ACTIVITY:
Reproduce the listing word for word, leaving every picture behind.

INFORMATION SUPPLIED:

****************

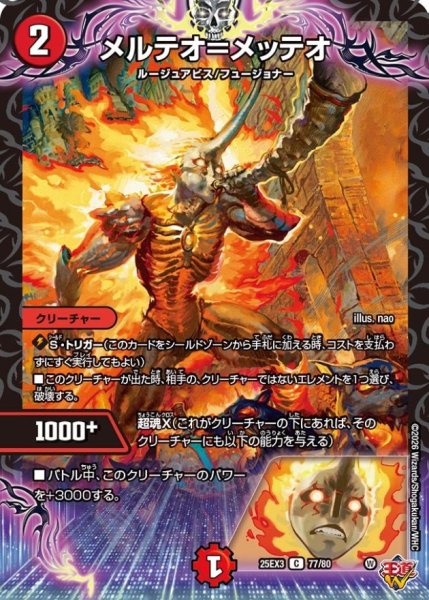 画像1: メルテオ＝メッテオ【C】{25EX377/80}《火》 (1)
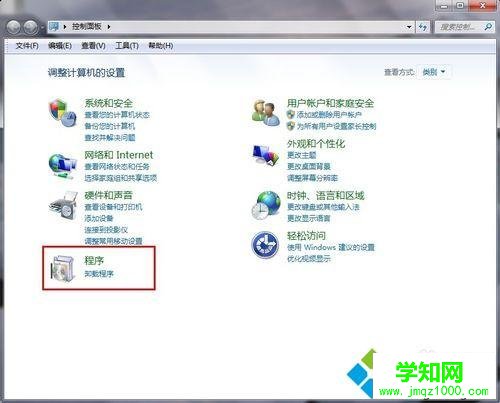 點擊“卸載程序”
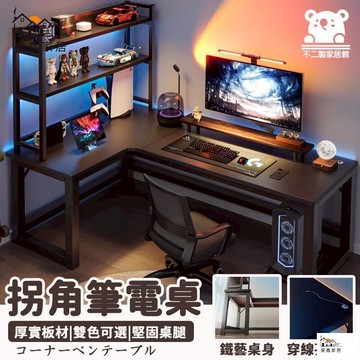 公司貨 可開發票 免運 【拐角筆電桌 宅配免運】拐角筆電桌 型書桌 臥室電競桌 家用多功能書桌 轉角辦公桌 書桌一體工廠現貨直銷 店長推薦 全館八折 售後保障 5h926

****************

COMPLETED TASK:
 画像1: メルテオ＝メッテオ【C】{25EX377/80}《火》 (1)
 點擊“卸載程序”
 公司貨 可開發票 免運 【拐角筆電桌 宅配免運】拐角筆電桌 型書桌 臥室電競桌 家用多功能書桌 轉角辦公桌 書桌一體工廠現貨直銷 店長推薦 全館八折 售後保障 5h926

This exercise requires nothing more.